Nous porterons une évaluation sur ces différences après avoir analysé la subdivision des principales classes de comptes.

 

B. L’ETUDE INTERNE DES CLASSES

 

Nous nous intéresserons plus particulièrement à l’étude des comptes de charges, de produits, d’immobilisations, de capitaux et de stocks.

  1. L’étude comparative du détail des classes de comptes de charges et de produits montre une similitude frappante entre les Plans Comptables de 1947 et de 1942. En consultant les annexes 2 et 3 le lecteur pourra constater, par exemple, que la subdivision et la terminologie utilisées pour les comptes de charges en 1947 sont pratiquement identiques à celles qui ont été retenues en 1942; la ressemblance va même jusqu’au détail de la numérotation.[^25] La même remarque peut être faite pour les comptes de produits. En comparant maintenant les comptes de charges et de produits des Plans Comptables de 1942 et du Reich, on peut constater que si les contenus et la terminologie sont très proches,[^26] la classification est différente les normalisateurs français de 1942 ont fait un effort de reclassement non négligeable; ils ont notamment entamé un effort de réunification de toutes les catégories de charges dans les classes 3 et 4.[^27] [^28]
  2. L’étude des comptes de capitaux et d’immobilisations confirme les enseignements précédents. L’influence du plan allemand sur les deux plans français est évidente: le bloc du haut du bilan est placé en tête du plan comptable, mais, si le contenu et la place sont similaires, la classification interne subit un changement important, et cette fois-ci l’effort de reclassement est fait en 1947.
  3. L’étude des comptes de stocks (classe 3). On peut relever avec G. Duthilleul (1956 page 57) deux différences notables entre le Plan Comptable français de 1942 et le Plan Comptable allemand de 1937:
    • premièrement, bien que le Plan Comptable de 1942 intègre la comptabilité des coûts, il ne respecte pas totalement, dans sa formalisation, le processus de formation des valeurs, cher à Schmalenbach, dans la mesure où les stocks de produits en cours et de produits finis sont regroupés avec les stocks de matières, alors que le Plan Comptable allemand les inscrit en classe 8;
    • deuxièmement, le Plan Comptable de 1942 met en exergue des comptes d’achats et préserve leur existence même dans le cas où l’inventaire permanent des stocks est tenu.

Ces deux différences traduisent le fait que les normalisateurs français, formés à l’école classique française qui privilégie le principe du bilan et l’inventaire intermittent, ont du mal à s’habituer à une autre logique qui privilégie le circuit de production et l’inventaire permanent.[^29]

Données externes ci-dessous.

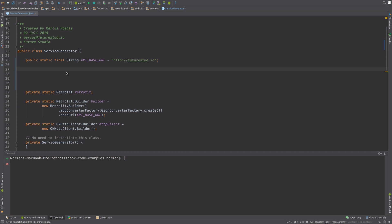Hey, what's up everyone? Norman from Futures University, and in this video I'm going to show you how to run an Android app against a localhost API.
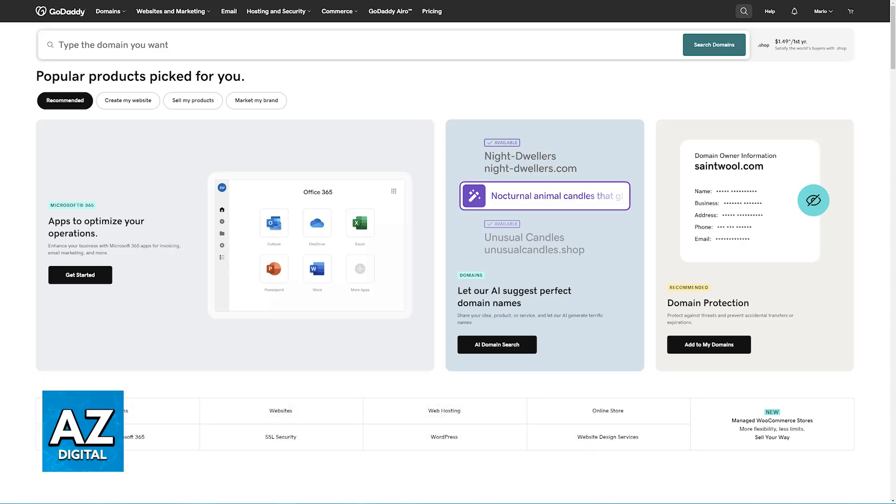In this video, I'm going to show you a comprehensive approach to forward any emails that you receive through your GoDaddy email address to Gmail. This is going to be a simple and straightforward method. Emails that you receive on your GoDaddy address will be immediately sent to Gmail as well.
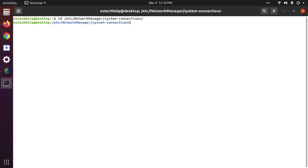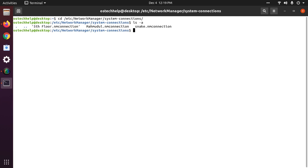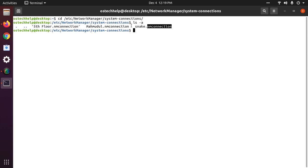Now type ls -l and see the Wi-Fi SSID names. There are three SSID names.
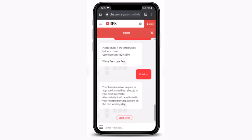After you're done selecting, you'll have to review and confirm your details. Once you're done, tap on 'confirm' which is right at the bottom. That is how you can waive a credit card cashline fee or charges on your DBS account.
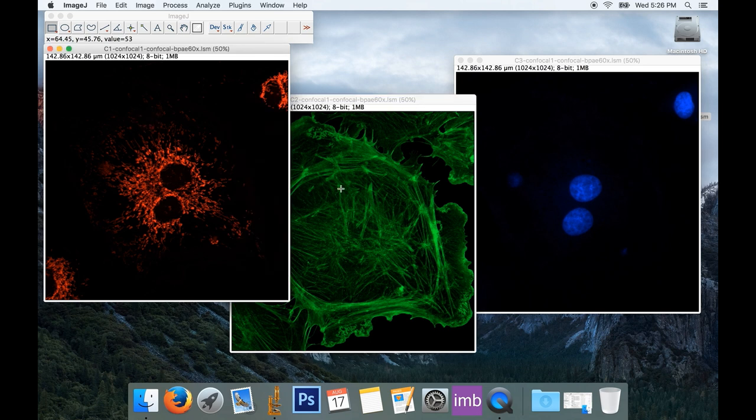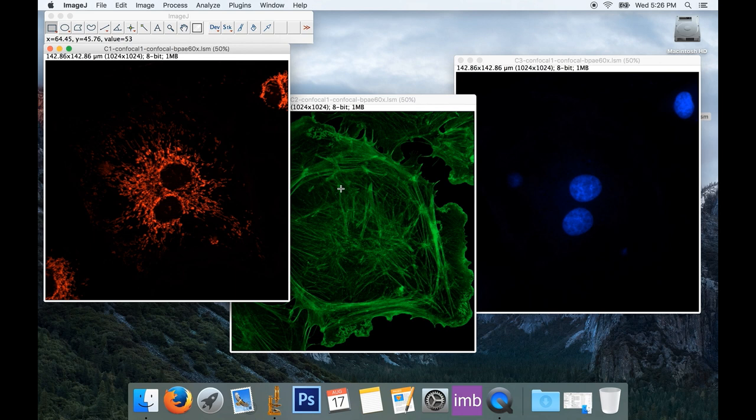Now right now they're displayed in color, and this is what's called indexed color. And what I'd really like is to have three grayscale images so I can use those grayscale or black and white images to build my figure for my publication.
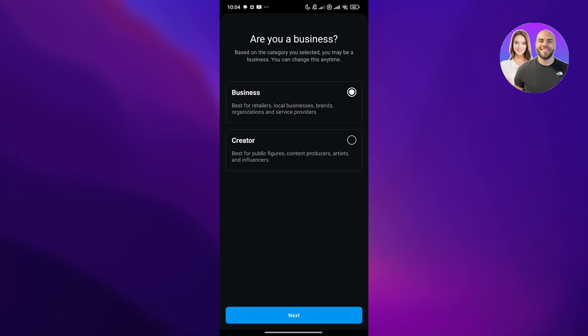Once you've done that, it's going to ask you, are you a business? Based on the category you've selected, you might be a business. If you are a business, click on this one. If you're a creator, click on this one. The upper one is best for retailers, local businesses, brands, and stuff like that. The bottom one is better for creators. We're going to select the upper option, click on next.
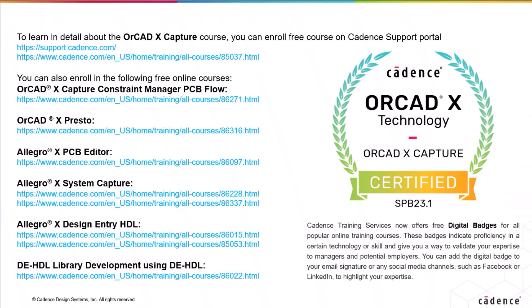That's all the time we have now for this video. To learn more about the ORCAD X Capture Tool, click the link below and enroll for free courses on the Cadence Support Portal.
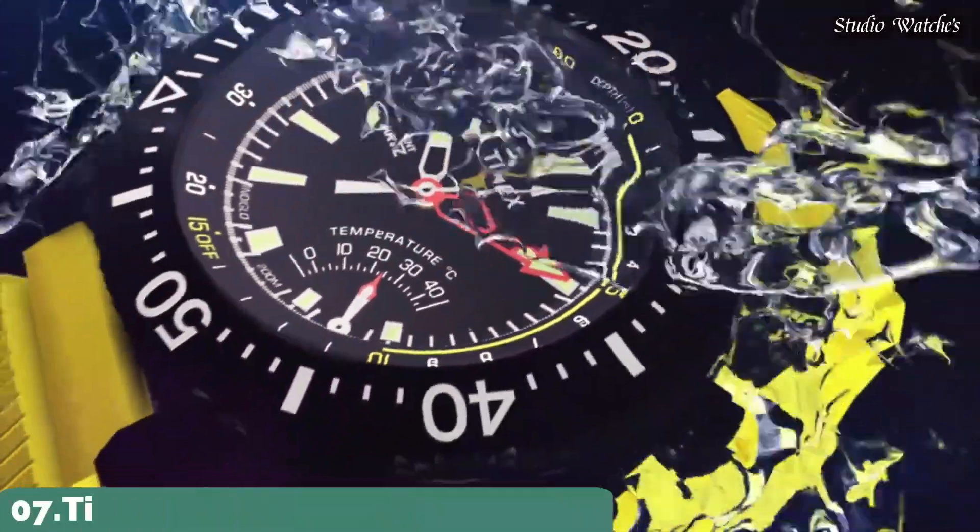Number 2. Timex Waterbury Chronograph Stainless Steel Bracelet Watch. Item shape round. Dial window material type: mineral glass. Display type analog. Deployment clasp. Case material: stainless steel. Diameter 41 millimeters. Thickness 13 millimeters. Band material: stainless steel. Band width 20 millimeters. Special features: chronograph. Movement quartz. Water-resistant depth 50 meters.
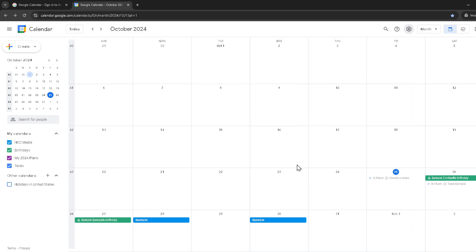And just like that, you've learned how to print out your Google Calendar with all the details you need. Isn't it straightforward when you know exactly what steps to follow? Remember, having a physical copy of your schedule can be incredibly handy for planning your week ahead, especially when you're on the go or if you prefer having a hard copy to refer to. Plus, it's a great backup to have on hand.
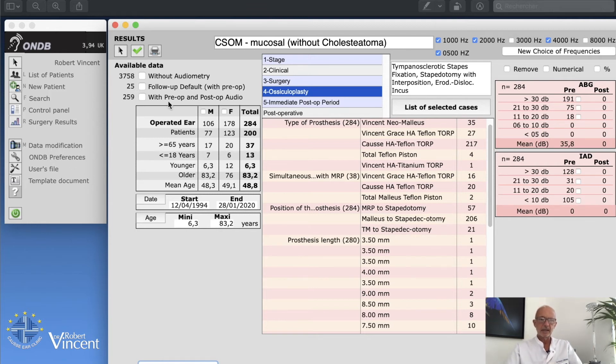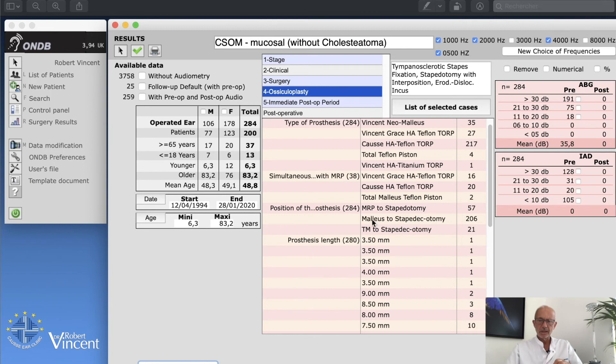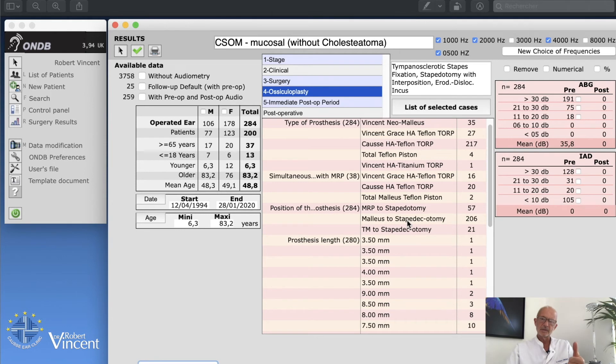If you want to study your results, you can export that directly by clicking with pre and post-op. But I think it would be interesting to be more specific. So I just want to click on malleus to stapedotomy. I want to study my results in case of tympanosclerotic stapes fixation.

Bien d’autres différences entre le Plan Comptable de 1942 et le Plan Comptable de 1947 peuvent être relevées.[^30] Deux attitudes sont dès lors concevables. On peut s’appuyer, comme le fait G.Duthilleul (1956 page 63), sur une analyse en finesse pour montrer que des différences nombreuses existent et conclure que « sous des appellations semblables, le Plan Delmas et les plans allemands recouvrent des réalités entièrement différentes ». Mais on peut aussi considérer que l’analyse en finesse est l’arbre qui cache la forêt et qu’au delà des différences bien réelles, l’esprit et le cadre fondamental du Plan Comptable allemand ont été repris en 1942. C’est cette opinion que nous adopterons ici. Les emprunts du Plan Comptable de 1942 au Plan allemand de 1937 nous paraissent trop considérables pour que l’on puisse nier l’influence allemande. Nous avons en outre repéré une certaine filiation entre le Plan Comptable de 1947 et celui de 1942; mais avant de porter un jugement plus précis sur ce point, il convient de s’interroger sur l’impact de la tentative de Pierre Garnier de mettre au point un Plan Comptable spécifiquement français.